When speaking to him, you realize quickly he seems more like a Harvard professor than a 19-year-old hockey player. His thoughtful responses allow you to appreciate his self-awareness and the responsibility he will soon have as a role model.
"I am not in the NHL ranks yet, and I am not in a position as visible to the children," he said. "But if there are a few kids that have seen me, look up to me, and think that the game is for them ... that is great. That is a role I will gladly take and, hopefully, I can make a positive difference."
Moose Jaw Warrior coach Steve Young said the way McArdle handles relationships with younger teammates will help him in that role.
"He is an excellent leader in that he leads by example on the ice and he does not have to talk very often in the dressing room," Young said. "But he commands respect because he has earned it and he is such a great person."
"Kenndal is a leader and a heart-and-soul player," teammate Dustin Boyd said. "He wears his heart on his sleeve and I have had the privilege to play on a line with him the last two seasons and he is nothing but positive all the time."
Don't be mislead into a false sense that McArdle is soft because you will get a rude awakening. His speed and tenacity are well documented by his teammates and coaches.
"When he is going with his speed, he is a hard guy to contain for the defenseman, especially when he is twisting and turning along the boards," teammate Blair Jones said.
"He has great speed and hands and I have never seen anyone have a better work ethic," Boyd said. "He brings it every night and I cannot complain having him as a linemate."
McArdle took part in both the Panthers' training camp last fall and Team Canada's camp for the World Junior Championships and found positives from both experiences.
"What I brought back from the Florida camp was the confidence that I can play at that level and it allowed me to realize that I can come back to the WHL and contribute in every aspect of the game on a nightly basis," McArdle said.
"The one thing that really stood out for me, spending time with the NHL players, was the attention to detail they have in their preparation," he said. "You understand quickly because you do not have the time to make plays like you do at the junior level. With professional players being that much faster and stronger, it introduces you to a new game due to the pace of the tempo."
The message delivered from the Florida coaching staff was one of keep on, keeping on.
"They spoke to me and said to continue to work hard and remain focused, be a leader on the team and put myself in a position to be a go to guy not only on the offensive side, but defensively as well."
The fact he was not selected for the Canadian World Junior team gave him something else to work towards and he knows he has one more chance.

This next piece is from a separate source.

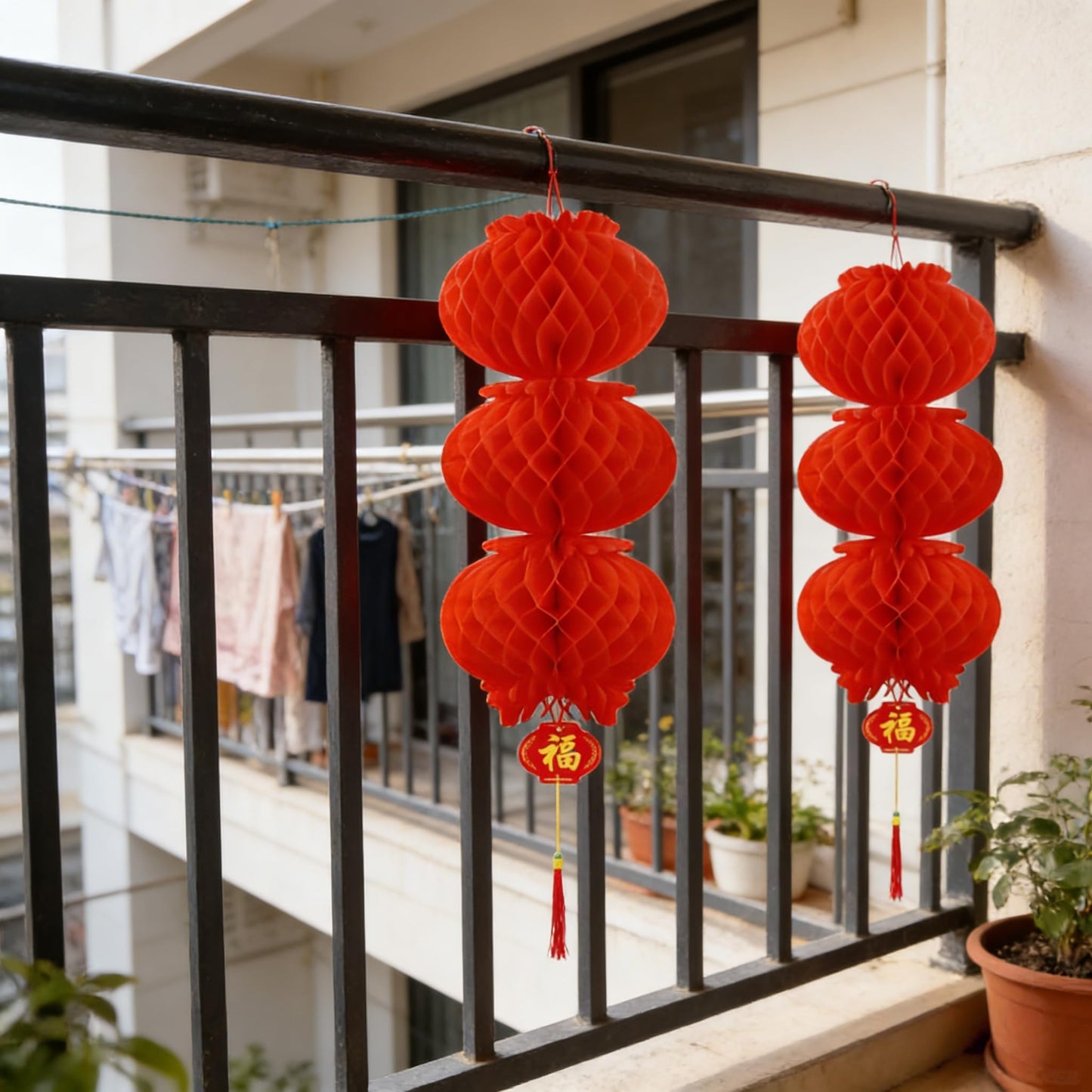 KYMY 2026 Chinese & Vietnamese New Year Red Lanterns, 6PCS Spring Festival Long Hanging Lanterns, Zodiac Horse Asian Lunar New Year Party Decorations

"Next year I have another chance to be a part of that team and it is up to me to earn the right to represent my country," McArdle said. "I must let my play turn some heads and the onus is on me to change the decisions of Team Canada's staff so it becomes an easy one for them to make."
McArdle knows his strengths and weaknesses and understands what he needs to work on before he takes the next step.
"I think my speed is my biggest asset and it is something I bring every night. I create a lot of chances off it and like to have my game attributed to that for sure," he said.
McArdle sees himself as the perpetual student of the game, always learning something new.
"You have to learn the game in every area and consistency is the aspiration of every player ... to bring that element game in and game out. We play a long regular season and playoffs that matches the NHL schedule. If you are not able to have consistency at this level, you cannot expect to have it in the professional level."